Cristián Romero

Personal information
- Full name: Crisitán Andrés Romero Godoy
- Date of birth: 26 December 1963 (age 61)
- Place of birth: Santiago, Chile
- Height: 1.72 m (5 ft 7+1⁄2 in)
- Position: Midfielder

Team information
- Current team: Universidad de Chile (youth coach)

Senior career*
- Years: Team / Apps / (Gls)
- 1984: Cobreloa
- 1986–1987: Soinca Bata
- 1988: Lota Schwager
- 1989–1991: Everton
- 1992–1997: Universidad de Chile
- 1998: Deportes Iquique
- 1999: Everton
- 2000: Deportes Melipilla

International career
- 1996–1997: Chile / 2 / (0)

Managerial career
- 2004–2005: Palestino (assistant)
- 2005–2007: Universidad de Chile (youth)
- 2007–2008: Universidad de Chile (assistant)
- 2009–2010: Provincial Osorno
- 2010–2014: Universidad de Chile (youth)
- 2014: Universidad de Chile
- 2015–2017: Iberia (General Manager)
- 2018–: Universidad de Chile (youth)
- 2021: Universidad de Chile (caretaker)

= Cristián Romero (Chilean footballer) =

Chilean footballer and manager

Crisitán Andrés Romero Godoy (born 26 December 1963) is a Chilean football manager and former player who played as a midfielder. He is the current manager of Universidad de Chile's youth sides.

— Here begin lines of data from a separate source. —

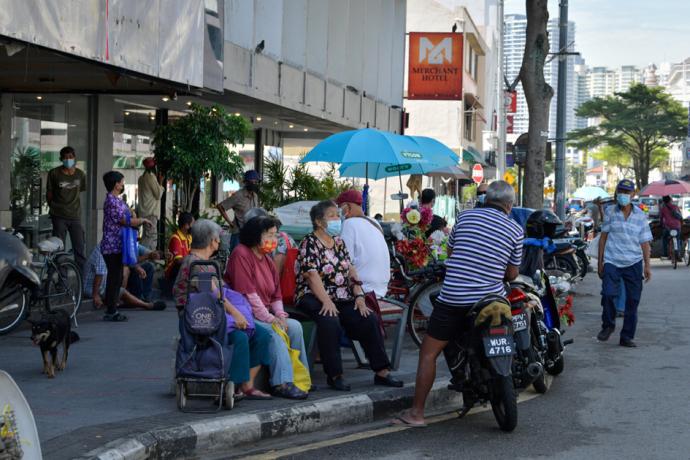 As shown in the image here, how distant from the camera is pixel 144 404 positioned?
8.15 m

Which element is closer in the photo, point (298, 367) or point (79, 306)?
point (298, 367)

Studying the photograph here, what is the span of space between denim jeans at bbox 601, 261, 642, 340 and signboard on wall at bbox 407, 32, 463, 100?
15.4 m

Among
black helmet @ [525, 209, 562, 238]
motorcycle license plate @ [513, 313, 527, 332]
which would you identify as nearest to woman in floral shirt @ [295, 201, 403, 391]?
motorcycle license plate @ [513, 313, 527, 332]

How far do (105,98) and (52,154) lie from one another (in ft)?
5.05

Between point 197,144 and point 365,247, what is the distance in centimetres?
697

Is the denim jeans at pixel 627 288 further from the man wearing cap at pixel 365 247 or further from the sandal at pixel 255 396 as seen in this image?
the sandal at pixel 255 396

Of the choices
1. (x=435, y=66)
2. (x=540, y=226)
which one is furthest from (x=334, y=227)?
(x=435, y=66)

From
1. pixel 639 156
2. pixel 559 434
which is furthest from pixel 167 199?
pixel 639 156

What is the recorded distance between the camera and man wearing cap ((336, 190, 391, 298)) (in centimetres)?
1031

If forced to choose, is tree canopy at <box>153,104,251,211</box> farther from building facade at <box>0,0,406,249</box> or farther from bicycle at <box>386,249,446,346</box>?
bicycle at <box>386,249,446,346</box>

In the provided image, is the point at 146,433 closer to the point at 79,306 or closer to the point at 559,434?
the point at 559,434

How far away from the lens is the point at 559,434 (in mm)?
8000

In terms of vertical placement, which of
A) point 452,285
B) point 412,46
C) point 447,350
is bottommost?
point 447,350

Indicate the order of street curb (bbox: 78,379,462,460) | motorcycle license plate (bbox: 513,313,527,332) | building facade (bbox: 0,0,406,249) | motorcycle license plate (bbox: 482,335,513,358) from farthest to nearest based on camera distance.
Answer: building facade (bbox: 0,0,406,249)
motorcycle license plate (bbox: 513,313,527,332)
motorcycle license plate (bbox: 482,335,513,358)
street curb (bbox: 78,379,462,460) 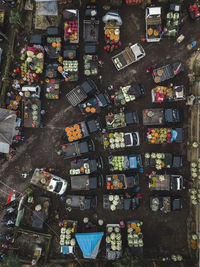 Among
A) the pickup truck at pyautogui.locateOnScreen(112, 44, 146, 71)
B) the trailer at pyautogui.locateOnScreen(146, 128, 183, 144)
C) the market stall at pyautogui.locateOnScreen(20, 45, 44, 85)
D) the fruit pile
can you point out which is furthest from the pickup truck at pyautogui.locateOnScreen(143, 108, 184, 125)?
the market stall at pyautogui.locateOnScreen(20, 45, 44, 85)

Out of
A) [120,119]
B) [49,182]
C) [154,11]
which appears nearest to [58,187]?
[49,182]

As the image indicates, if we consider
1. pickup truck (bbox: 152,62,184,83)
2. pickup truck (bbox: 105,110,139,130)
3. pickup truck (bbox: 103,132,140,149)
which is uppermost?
pickup truck (bbox: 152,62,184,83)

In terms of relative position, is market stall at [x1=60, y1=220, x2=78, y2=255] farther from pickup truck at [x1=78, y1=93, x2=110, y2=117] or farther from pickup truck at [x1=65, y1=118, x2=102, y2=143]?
pickup truck at [x1=78, y1=93, x2=110, y2=117]

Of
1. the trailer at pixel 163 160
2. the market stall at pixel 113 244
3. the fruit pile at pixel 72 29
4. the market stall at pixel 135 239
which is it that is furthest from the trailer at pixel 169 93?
the market stall at pixel 113 244

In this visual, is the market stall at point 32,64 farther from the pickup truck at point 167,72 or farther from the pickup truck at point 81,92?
the pickup truck at point 167,72

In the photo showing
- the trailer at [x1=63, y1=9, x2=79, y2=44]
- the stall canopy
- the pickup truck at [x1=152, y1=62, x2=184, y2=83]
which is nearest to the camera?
the stall canopy

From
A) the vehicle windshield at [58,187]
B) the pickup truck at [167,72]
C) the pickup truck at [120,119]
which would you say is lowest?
the vehicle windshield at [58,187]

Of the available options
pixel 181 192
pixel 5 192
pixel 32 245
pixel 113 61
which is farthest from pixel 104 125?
pixel 32 245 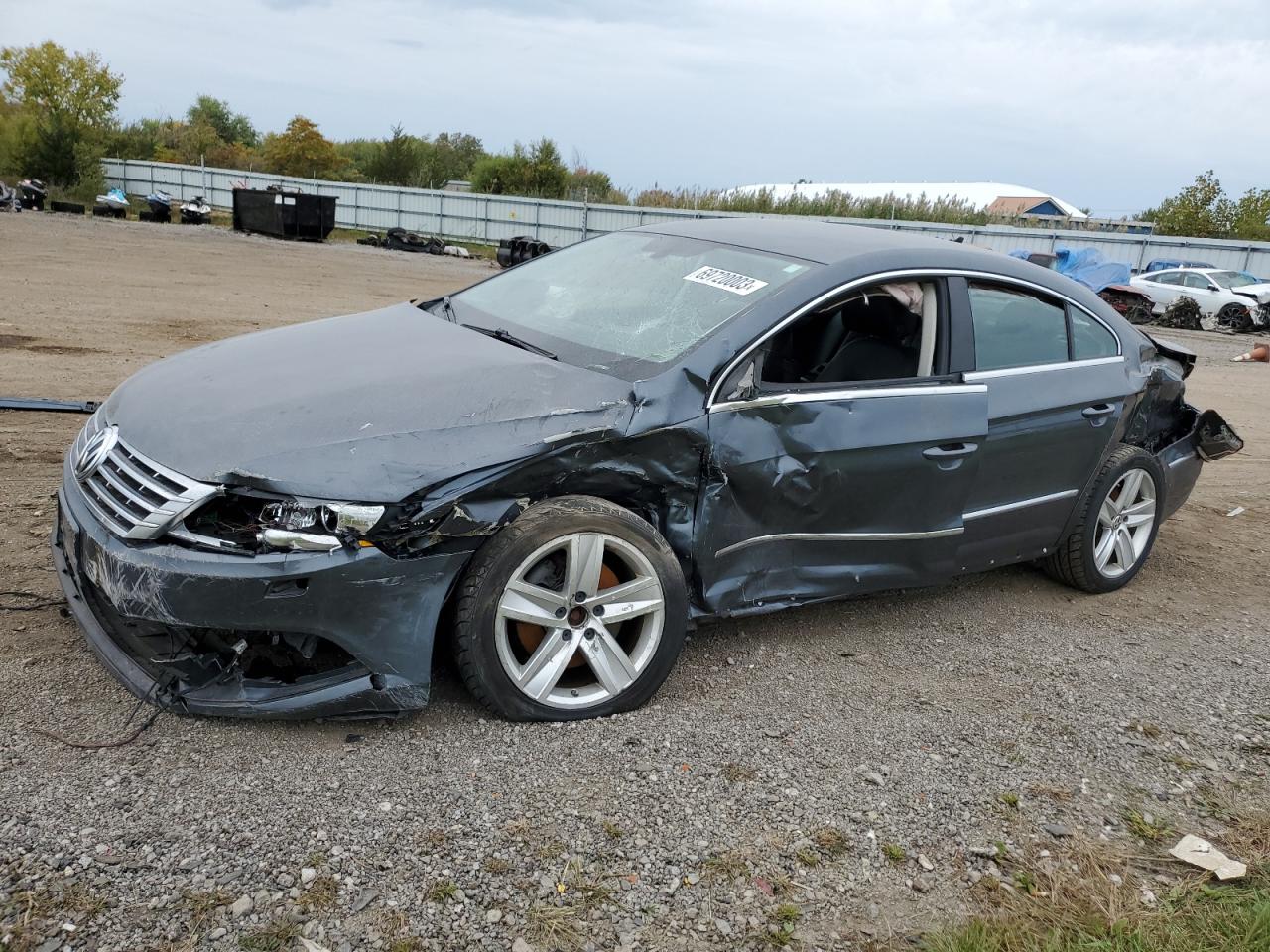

Romero appeared twice for the Chile national team.

==Managerial career==
In 2004, he began his career as the assistant coach of Horacio Rivas in Palestino. Later, he has mainly worked in Universidad de Chile, both at youth and senior level. As the head coach, he has also worked for Provincial Osorno in the Primera B de Chile. In addition, he was the General Manager of Deportes Iberia between 2015 and 2017.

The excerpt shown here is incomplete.